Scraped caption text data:
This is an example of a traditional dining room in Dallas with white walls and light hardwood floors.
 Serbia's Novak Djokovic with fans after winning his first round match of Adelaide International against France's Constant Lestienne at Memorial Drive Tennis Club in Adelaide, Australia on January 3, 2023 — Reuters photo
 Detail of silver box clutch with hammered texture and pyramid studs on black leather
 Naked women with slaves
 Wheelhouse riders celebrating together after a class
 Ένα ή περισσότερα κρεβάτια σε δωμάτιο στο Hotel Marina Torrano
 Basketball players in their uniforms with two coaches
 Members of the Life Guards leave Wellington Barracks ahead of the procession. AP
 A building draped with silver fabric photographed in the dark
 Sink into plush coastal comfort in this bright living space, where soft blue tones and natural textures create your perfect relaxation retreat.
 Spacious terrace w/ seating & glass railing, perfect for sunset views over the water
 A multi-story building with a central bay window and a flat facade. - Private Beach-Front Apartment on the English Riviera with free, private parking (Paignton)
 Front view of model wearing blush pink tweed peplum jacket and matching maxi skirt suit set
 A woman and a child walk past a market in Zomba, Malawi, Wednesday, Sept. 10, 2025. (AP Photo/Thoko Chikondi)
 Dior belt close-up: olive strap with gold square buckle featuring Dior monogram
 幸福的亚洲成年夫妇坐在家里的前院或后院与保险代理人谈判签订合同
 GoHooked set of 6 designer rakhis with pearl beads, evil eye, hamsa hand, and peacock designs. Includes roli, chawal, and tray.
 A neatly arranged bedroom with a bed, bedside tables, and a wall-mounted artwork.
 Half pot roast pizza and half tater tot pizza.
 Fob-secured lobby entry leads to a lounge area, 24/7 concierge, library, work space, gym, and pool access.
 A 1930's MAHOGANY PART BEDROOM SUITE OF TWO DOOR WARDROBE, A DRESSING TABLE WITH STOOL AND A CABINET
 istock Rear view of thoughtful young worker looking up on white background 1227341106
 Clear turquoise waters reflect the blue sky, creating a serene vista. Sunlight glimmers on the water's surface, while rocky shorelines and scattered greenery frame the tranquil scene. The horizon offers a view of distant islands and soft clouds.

• [Your instructions]: What should appear is an exact copy of the lines from the one with "幸福的亚洲成年夫妇坐在家里的前院或后院与保险代理人谈判签订合同" through the end of the entries above, ends included, and no other text.

• [Answer section]:
 幸福的亚洲成年夫妇坐在家里的前院或后院与保险代理人谈判签订合同
 GoHooked set of 6 designer rakhis with pearl beads, evil eye, hamsa hand, and peacock designs. Includes roli, chawal, and tray.
 A neatly arranged bedroom with a bed, bedside tables, and a wall-mounted artwork.
 Half pot roast pizza and half tater tot pizza.
 Fob-secured lobby entry leads to a lounge area, 24/7 concierge, library, work space, gym, and pool access.
 A 1930's MAHOGANY PART BEDROOM SUITE OF TWO DOOR WARDROBE, A DRESSING TABLE WITH STOOL AND A CABINET
 istock Rear view of thoughtful young worker looking up on white background 1227341106
 Clear turquoise waters reflect the blue sky, creating a serene vista. Sunlight glimmers on the water's surface, while rocky shorelines and scattered greenery frame the tranquil scene. The horizon offers a view of distant islands and soft clouds.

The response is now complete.